### TASK GOAL
Restate every line below word for word, but drop each picture.

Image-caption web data
########################################

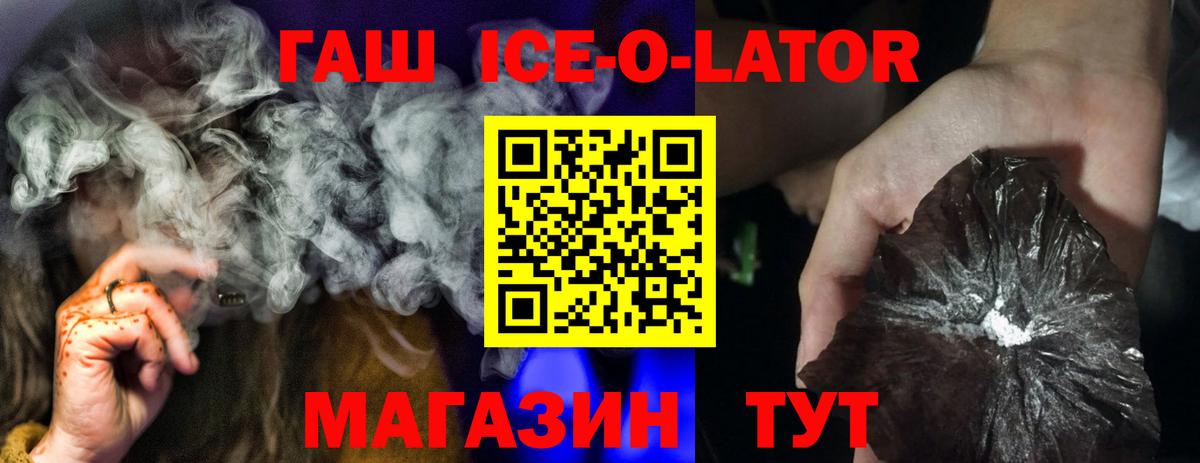 ГАШИШ 40% ТГК  ГАШ hashish  Вход с VPN  ГАШ  Лянтор 
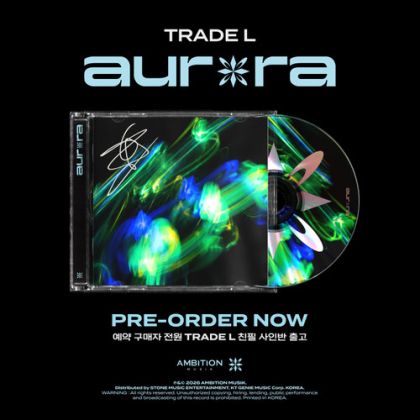 TRADE L aurora album cover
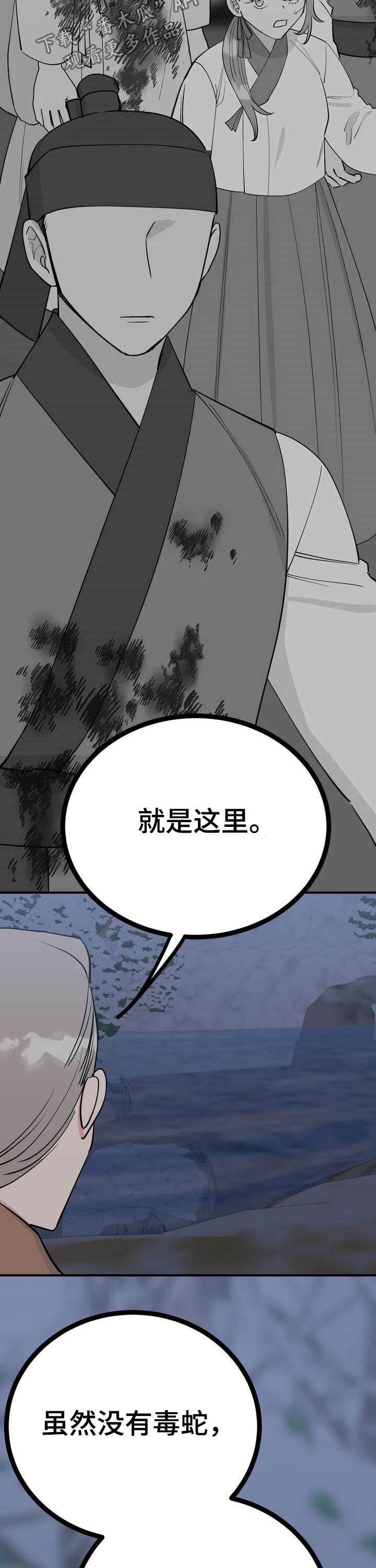 第27章：温泉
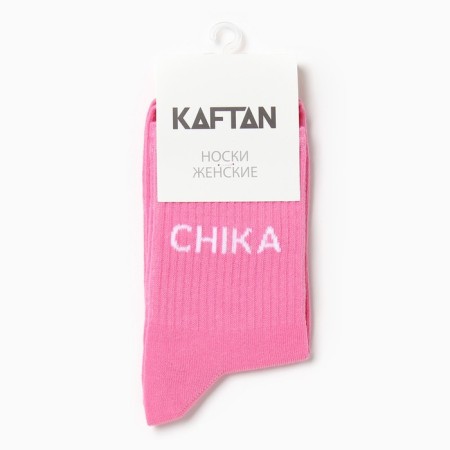 Women's socks kaftan chika size 36-39 (23-25 ​​cm)-2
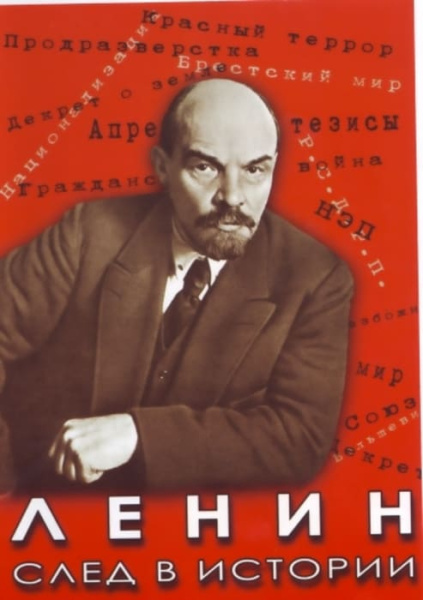 Учебный фильм. Ленин. След в истории (МР4) 216014811МР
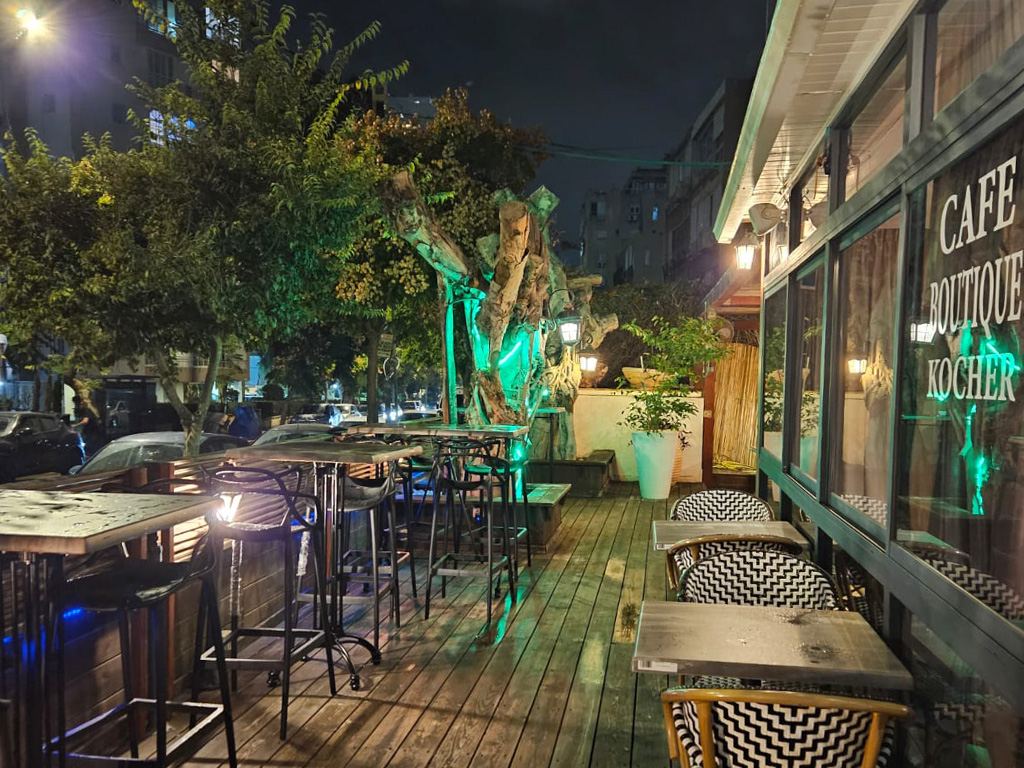 Hotel Boutique Alma בפרדס חנה כרכור – תצלום מקום האירוח 3 מתוך 9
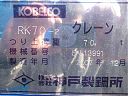 Продажа спецтехники: Автокран Kobelco RK70-2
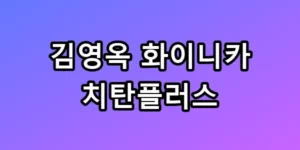 김영옥 화이니카 치탄플러스 잇몸 피 날 때 꿀팁 총정리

########################################

### RESULT OF THE TASK
 ГАШИШ 40% ТГК  ГАШ hashish  Вход с VPN  ГАШ  Лянтор 
 TRADE L aurora album cover
 第27章：温泉
 Women's socks kaftan chika size 36-39 (23-25 ​​cm)-2
 Учебный фильм. Ленин. След в истории (МР4) 216014811МР
 Hotel Boutique Alma בפרדס חנה כרכור – תצלום מקום האירוח 3 מתוך 9
 Продажа спецтехники: Автокран Kobelco RK70-2
 김영옥 화이니카 치탄플러스 잇몸 피 날 때 꿀팁 총정리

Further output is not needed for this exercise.